Book Broads • Shrill

Monday, September 11, 2017


by Angie Eakley

My first exposure to Lindy West was years ago, when she was doing recaps of the show "Glee" for Vulture. When the writer is funny, smart, and engaged (positively or negatively) with the material, I start looking forward to the recap as much as the show (especially when, as with a lot of long-running shows, it loses its way and becomes a ridiculous shell of what it was), and I start imagining how the recapper will react to something especially funny, or ludicrous, or problematic. It's basically talking about tv with friends, but, you know, the internet.

And then she wasn't writing them any more, and I missed her voice, but not enough to do any actual follow up. I'd see her articles here and there, and I heard her on the episode of This American Life where she confronts her troll. I've always liked Lindy West, but in a lazy sort of way.

When her book Shrill came out, I had a feeling I'd like that too. Not having read much of her work at the Stranger or Jezebel, most of what I read was new, and I was excited about how much she had to say. It was smart, engaging, and funny, but after each essay I felt a little down.

Lindy West is a feminist. She is smart, she is funny, she is strong. She is also a woman. She is also overweight. The majority of her public writing deals with all of these things. She rails against misogyny and body shaming, even though she knows it makes her a bigger target for the people who attack her in the first place. She stands up for the people who don't have her platform, even after a man created a twitter account in the name of her dead father for the sole purpose of trolling her.

I guess this is the place where I talk about my privilege. I'm a white girl from a middle class suburb with a college education. I also have probably an overabundance of empathy. It makes me feel so angry, and so impotent, to learn about the kinds of struggles people face every day for things that are completely outside of their control, and on top of that to realize that so little of that has ever happened to me. And then I feel silly for even typing that, because how much of a self-important, out of touch asshole do I sound like by saying "I can't believe all of this awful shit has been happening and I didn't even know. I'm just over here complaining about a student loan payment from the comfort of the apartment that I can afford because of the job that I have and if I ever get into trouble financially or physically or mentally I have a strong network of friends, family, and community around me and also just going to the fucking bathroom has never been an issue for me because I am also cisgendered and heterosexual and so I don't get accused of being a potential child molester because of they way I look or dress and I'm not pretty enough to be objectified and underestimated based on my looks but I'm not ugly enough to be targeted for that and basically I live in a world that was designed for the male version of me and no, I'm not afraid that my family will get sent back to a dangerous country that isn't their home because I signed up for a program to allow me to go to school and work in the only home I've ever known and the people who use bits and pieces of an old book of stories to justify their hatred and ignorance and superiority complexes happen to technically be of the same religion that I grew up in, so no, I haven't been denied a job or housing or a loan because of the way my name is spelled, thanks for asking.”

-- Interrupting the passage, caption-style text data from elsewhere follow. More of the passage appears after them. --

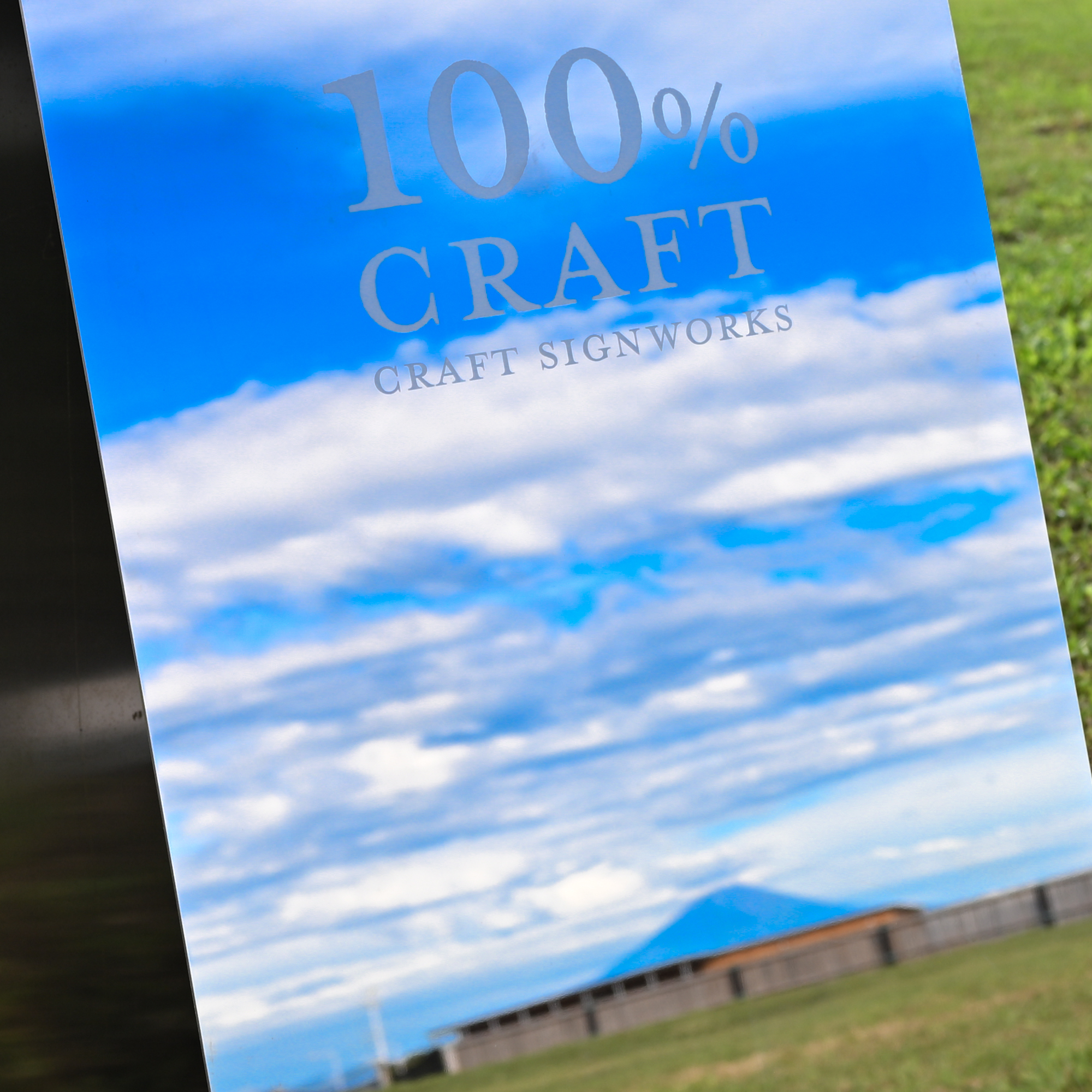 おしゃれなA型スタンド看板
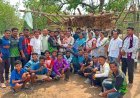 दूरस्थ गांवों में हरीश कवासी का जनसंपर्क अभियान, ग्रामीणों ने बाजे-गाजे से किया स्वागत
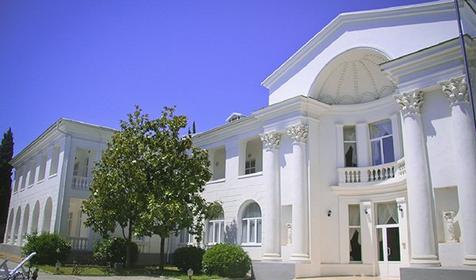 Отель Вилла Слава. Крым, Алушта
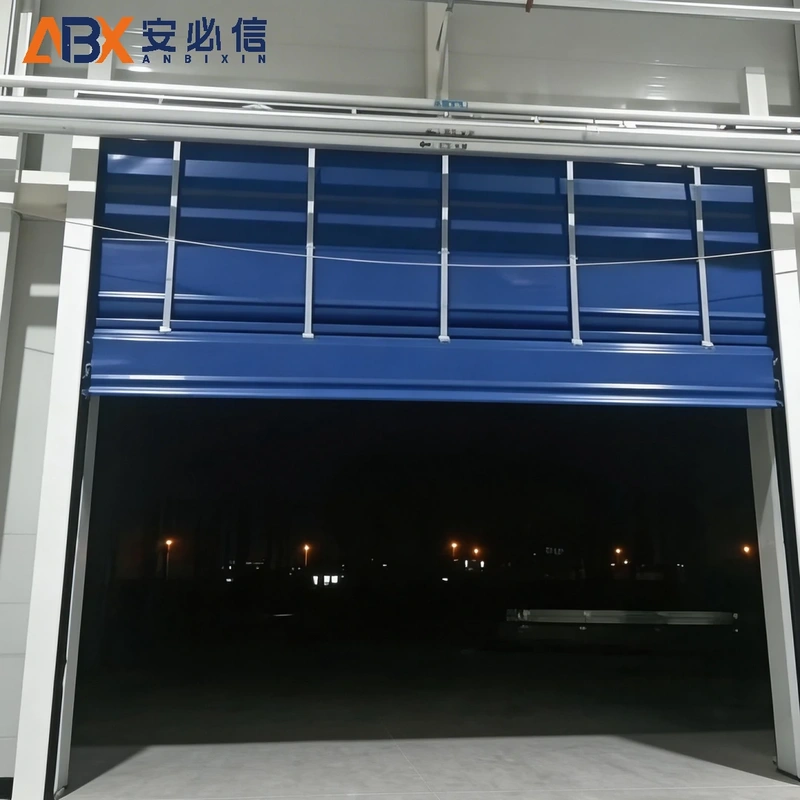 玉溪柔性大门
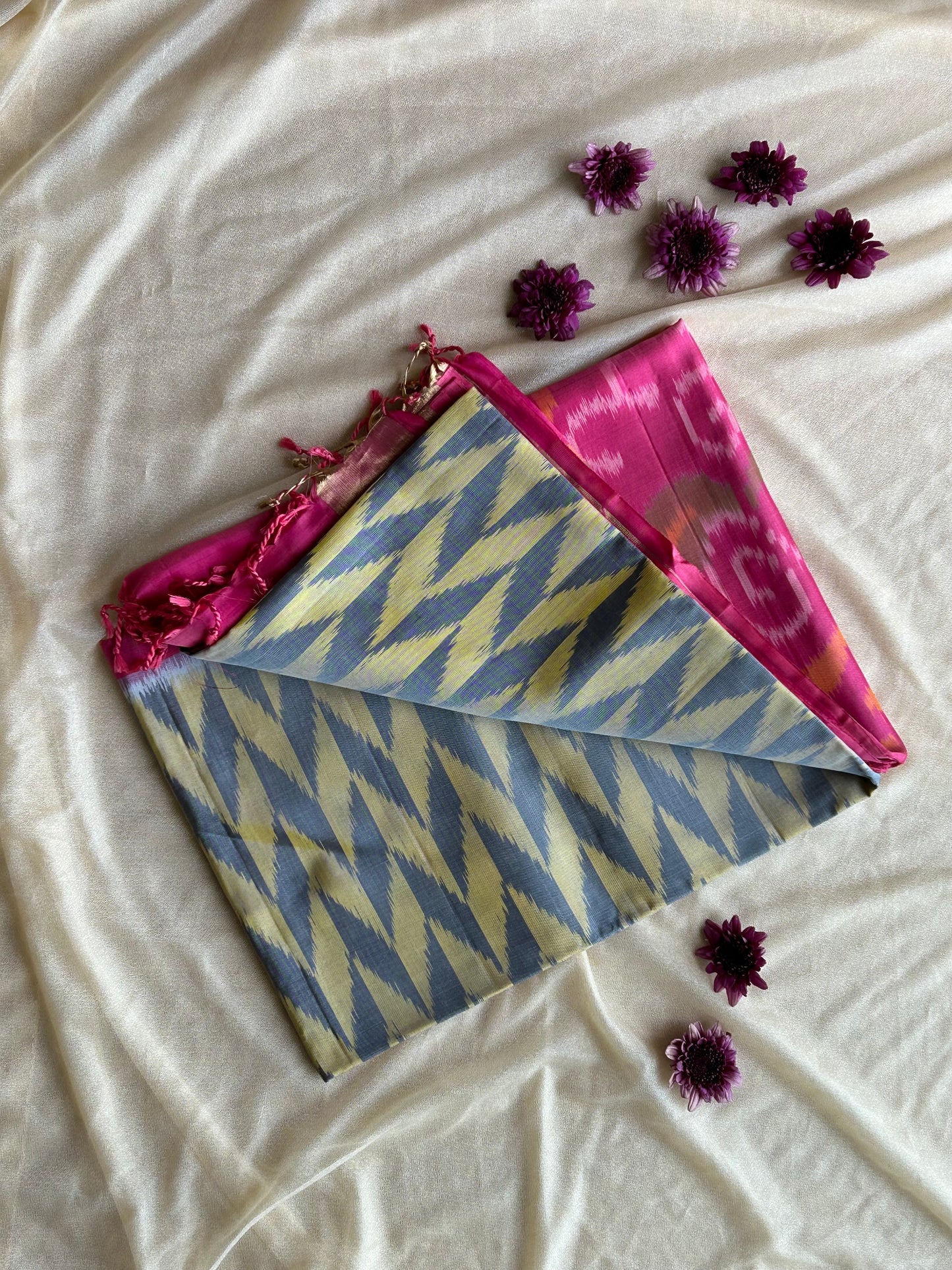 Pure Silk handloom Pochampally Sarees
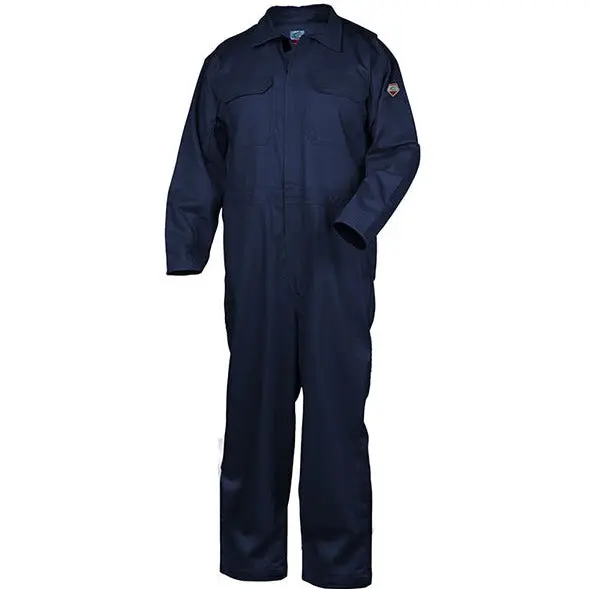 Black Stallion Truguard 300 Fr Coveralls – Navy, Arc-Rated Flame-Resistant Design 1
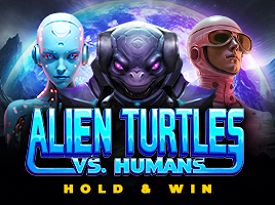 Alien Turtles vs Humans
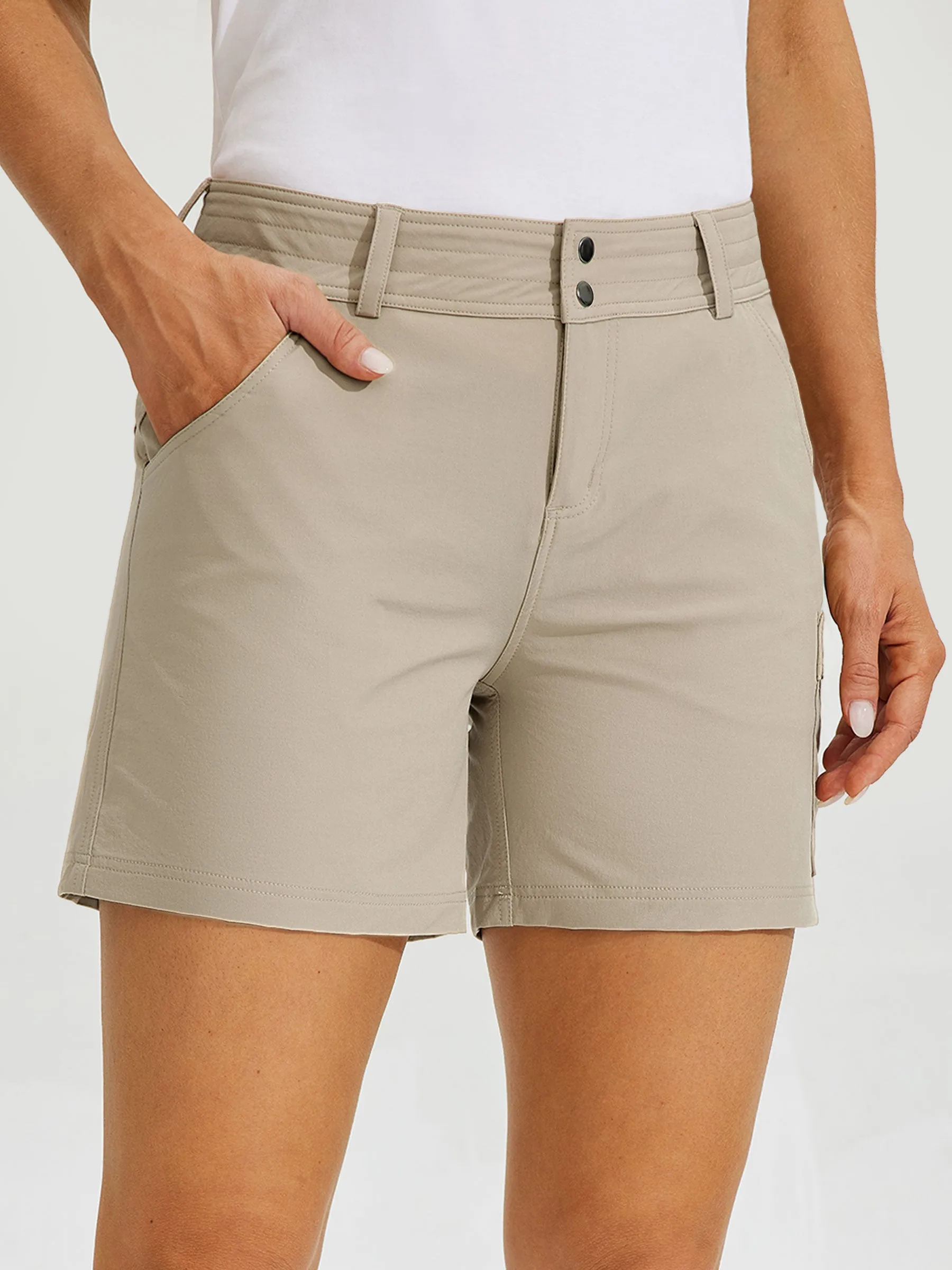 Women's Outdoor Pro Shorts 5 Inch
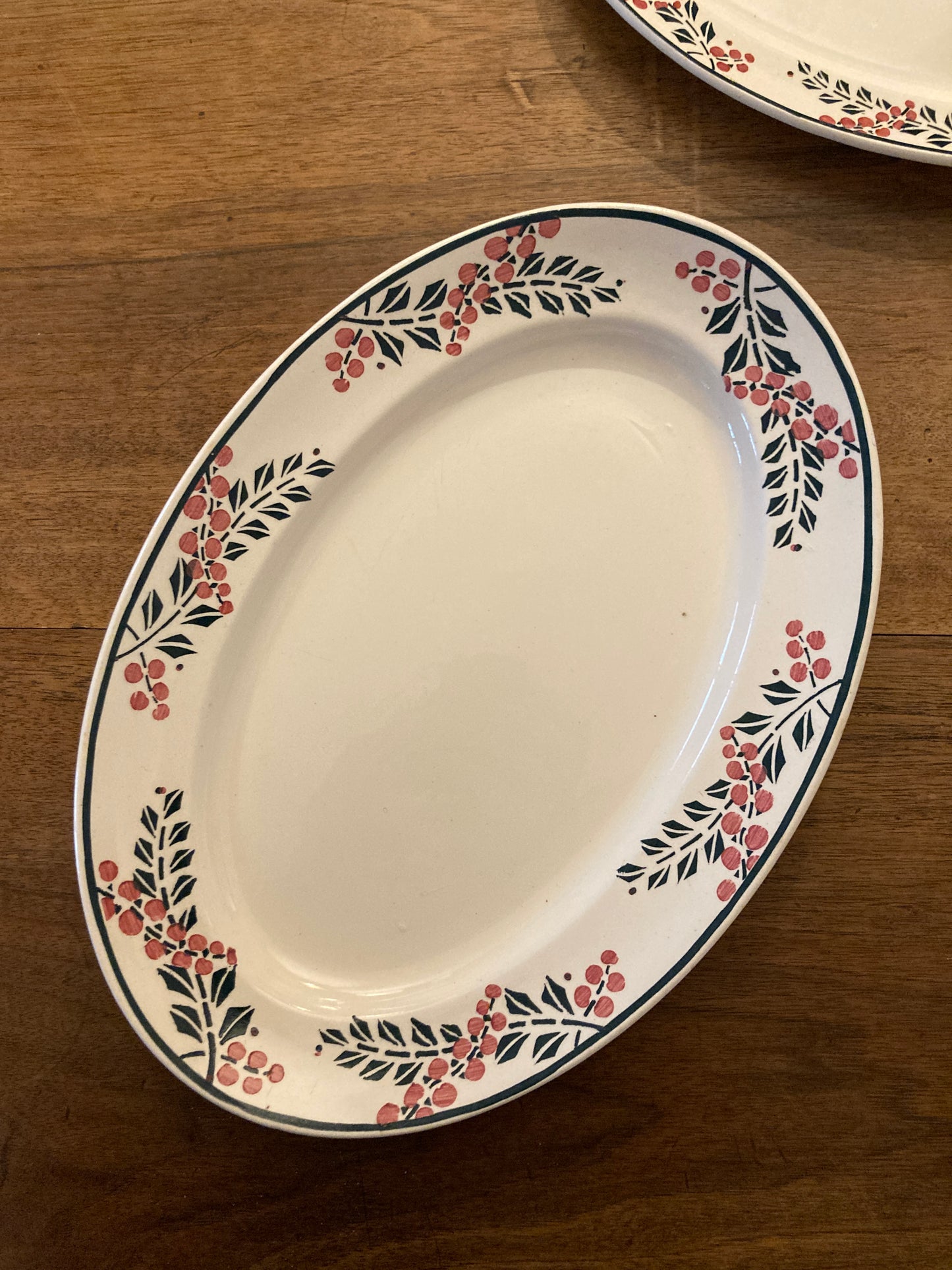 Houx - Plat Ovale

The thing is, we shouldn't need Lindy West (or Roxane Gay or Ta-Nehisi Coates or Bryan Stevenson or Matthew Desmond) to live the lives and write the books that they do. Not now. It's 2017, and Lindy West is still writing about how being fat still makes you a person, how being a woman with a brain isn't a threatening abomination, how maybe if you need to spew violence and hate at someone anonymously over the internet, you should probably spend less time looking at a screen and more time looking at a mirror, because the problem is you.

2017.

"As a human being, I am as worthy and capable and entitled to my life as you are," "other women identify with and gain strength from my outspokenness because they also receive hate and violence and rape threats just for existing," "sure I'll go on your talk show and try to explain to a comedian why it isn't funny to joke about raping anyone, not matter what the people on reddit think" should not be revolutionary statements. We should be able to laugh at the quaintness and reactionary quality of those statements, not gathering in support of a woman who died because a bunch of Nazis felt bad about a statue coming down (just kidding, the cultural and political climate created a powder keg of hatred that was going to explode around anything, and god damn it there are no FINE PEOPLE in a group of chanting, torch wielding bigots, but that's another fight for another day).

What if Roxane Gay wasn't defined by her appearance, or her skin color? What if Bryan Stevenson didn't have a job because poor minorities weren't targeted and incarcerated at alarming rates? What would Matthew Desmond study if people weren't forced to live like discarded non-entities in a degrading cycle of unemployment and eviction? What would Ta-Nehisi Coates have to say to his son?

Can you imagine what someone like Lindy West would write about if she didn't have justify her very existence every time she has something to say?